Transaction overview
On March 31, 2023, Yale Cordage, Inc., an industrial goods company based in Saco, Maine, acquired I&I Sling, Inc. and Slingmax, Inc., collectively known as I&I / Slingmax. The acquisition was completed on the same day it was announced, without disclosing the financial terms of the deal. I&I / Slingmax, headquartered in Aston, Pennsylvania, specializes in providing custom lifting solutions and services for heavy lift and material handling markets. The transaction expands Yale Cordage's portfolio to include high-performance synthetic slings and multi-part wire rope slings.

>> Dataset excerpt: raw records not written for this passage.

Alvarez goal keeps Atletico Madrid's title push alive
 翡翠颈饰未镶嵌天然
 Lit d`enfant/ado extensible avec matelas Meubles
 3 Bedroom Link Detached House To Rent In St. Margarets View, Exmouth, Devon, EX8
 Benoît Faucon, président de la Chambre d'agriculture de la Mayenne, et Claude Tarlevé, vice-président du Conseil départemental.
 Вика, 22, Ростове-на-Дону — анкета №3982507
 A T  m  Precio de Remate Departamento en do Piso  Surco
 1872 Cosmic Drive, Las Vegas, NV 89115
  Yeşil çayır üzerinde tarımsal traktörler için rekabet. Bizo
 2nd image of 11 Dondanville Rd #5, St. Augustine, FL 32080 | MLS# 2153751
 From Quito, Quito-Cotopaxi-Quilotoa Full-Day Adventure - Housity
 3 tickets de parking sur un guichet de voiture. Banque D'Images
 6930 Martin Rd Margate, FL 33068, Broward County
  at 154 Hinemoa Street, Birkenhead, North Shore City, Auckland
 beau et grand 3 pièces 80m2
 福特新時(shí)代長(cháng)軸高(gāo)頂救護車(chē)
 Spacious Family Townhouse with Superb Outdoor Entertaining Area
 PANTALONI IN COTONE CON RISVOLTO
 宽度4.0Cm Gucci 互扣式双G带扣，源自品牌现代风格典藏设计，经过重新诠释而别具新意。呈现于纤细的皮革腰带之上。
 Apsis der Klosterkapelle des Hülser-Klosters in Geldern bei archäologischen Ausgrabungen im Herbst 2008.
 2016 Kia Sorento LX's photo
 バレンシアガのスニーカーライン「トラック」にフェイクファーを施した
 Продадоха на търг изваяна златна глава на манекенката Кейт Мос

Deal structure and financing
The financial details of the acquisition, including the equity/debt split and any seller-retained stake, remain undisclosed. Mufson Howe Hunter & Co., LLC acted as the exclusive financial advisor for I&I / Slingmax in this transaction. The lack of specific terms such as leverage metrics or lock-up provisions suggests that the deal may be relatively straightforward with no significant financing hurdles. Given Yale Cordage's position as a portfolio company of River Associates Investments, L.P., it is likely that the firm had sufficient financial backing to complete the acquisition without seeking external debt.
Strategic context
Yale Cordage aimed to bolster its presence in the heavy lift and material handling segment through this transaction. The addition of I&I / Slingmax’s high-performance synthetic slings and multi-part wire rope slings aligns with Yale Cordage's existing product lines, which cater to industries such as specialty ropes for utility, arborist, life safety, and oceanographic applications. For I&I / Slingmax, the acquisition represents a strategic move to integrate into a larger portfolio, potentially enhancing its market reach and operational efficiencies.
Regulatory path
The regulatory scrutiny for this transaction is expected to be minimal due to the nature of both companies operating in niche segments within industrial goods. The primary jurisdictions likely involved are U.S. antitrust regulators such as the Federal Trade Commission (FTC) and the Department of Justice (DOJ). However, given the undisclosed deal size and the specialized markets involved, it is probable that no substantial regulatory barriers were encountered during the acquisition process.